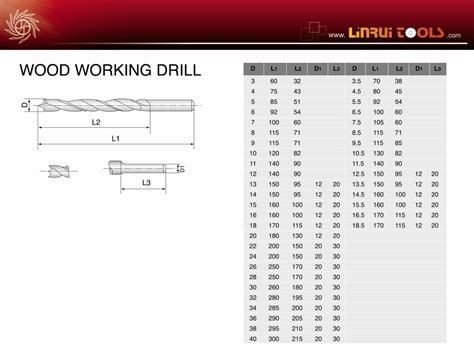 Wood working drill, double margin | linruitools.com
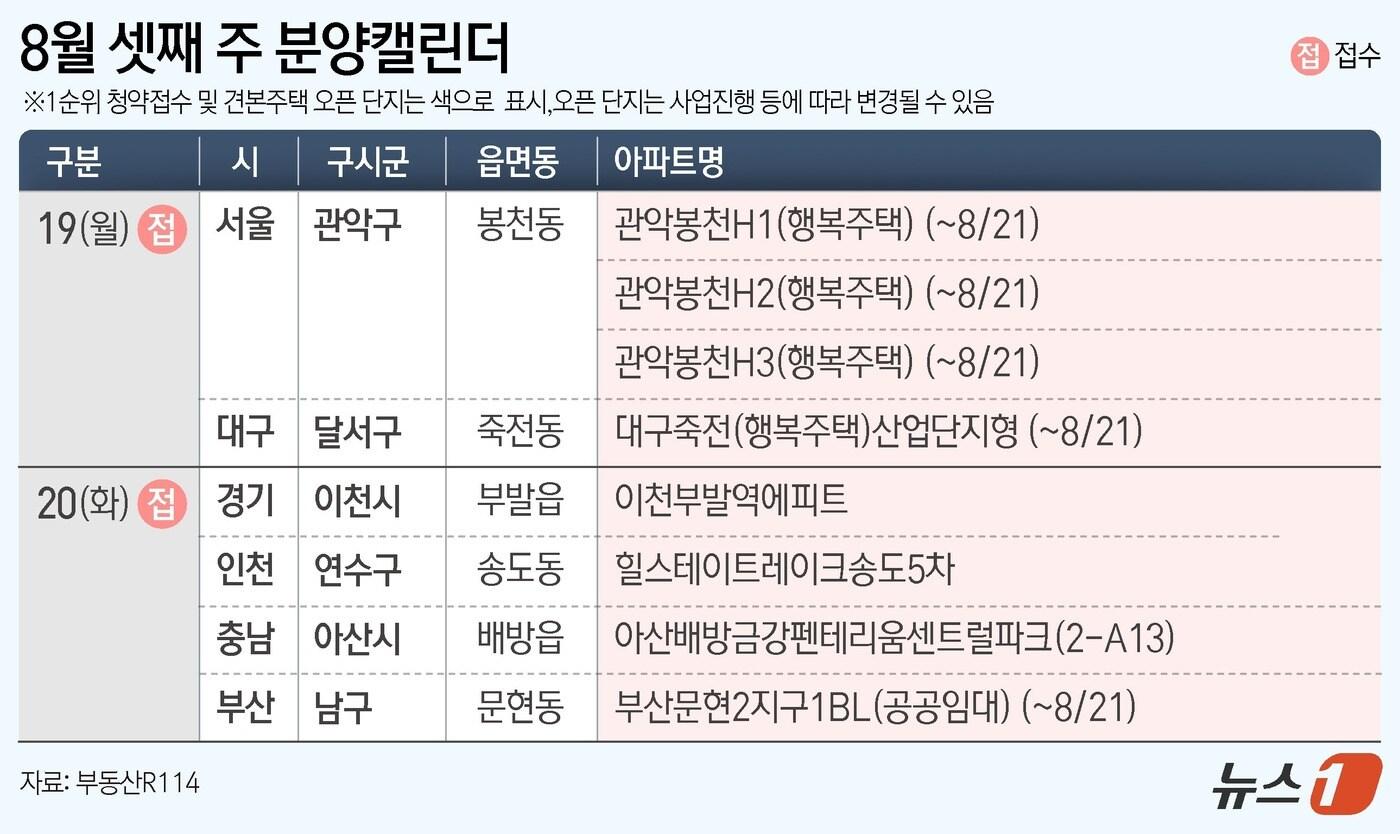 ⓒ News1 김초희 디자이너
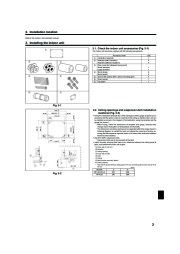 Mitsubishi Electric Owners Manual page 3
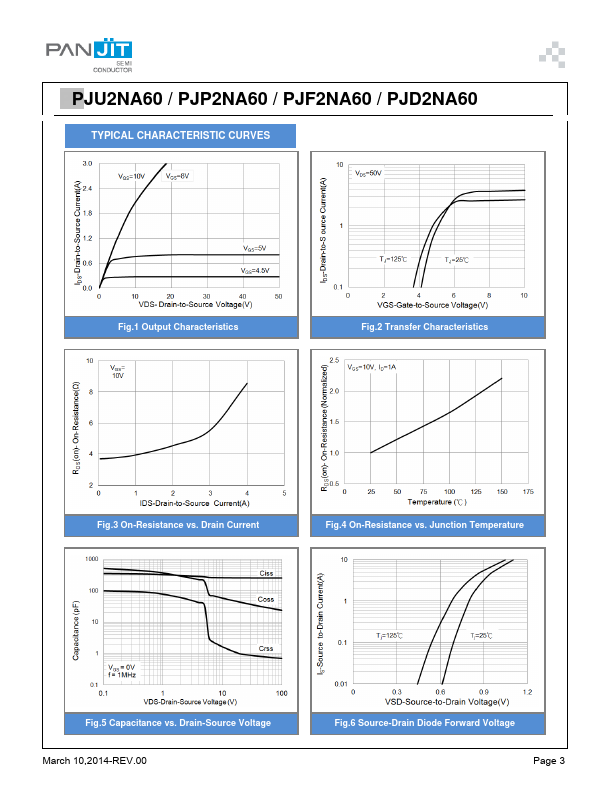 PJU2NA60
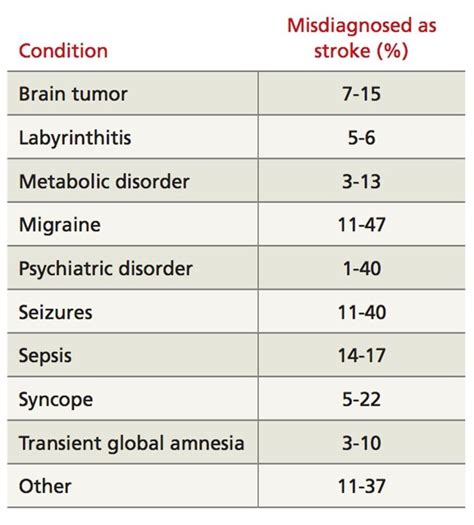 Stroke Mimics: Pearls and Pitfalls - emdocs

#####

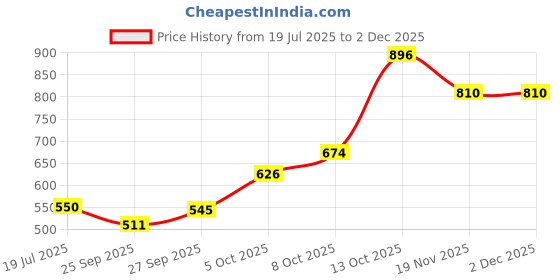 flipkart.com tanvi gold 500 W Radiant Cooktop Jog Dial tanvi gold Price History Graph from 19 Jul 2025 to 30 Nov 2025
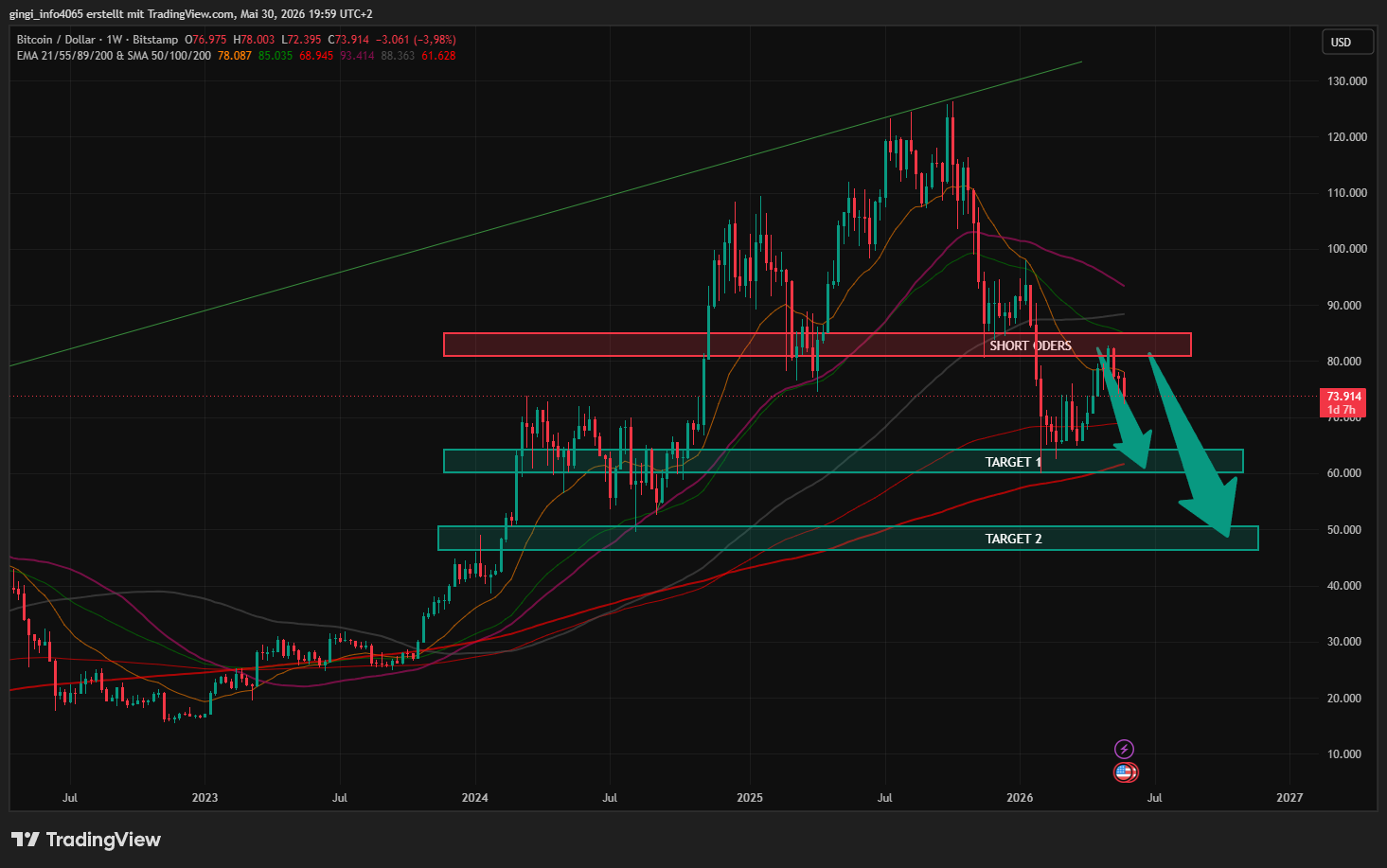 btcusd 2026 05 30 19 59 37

#####

WORK TO BE COMPLETED — Would you please repeat only the lines above, beginning at the one that has "Mitsubishi Electric Owners Manual page 3" and stopping after the one that has "Pitfalls - emdocs", exactly and with no pictures?

FINISHED EXERCISE —
 Mitsubishi Electric Owners Manual page 3
 PJU2NA60
 Stroke Mimics: Pearls and Pitfalls - emdocs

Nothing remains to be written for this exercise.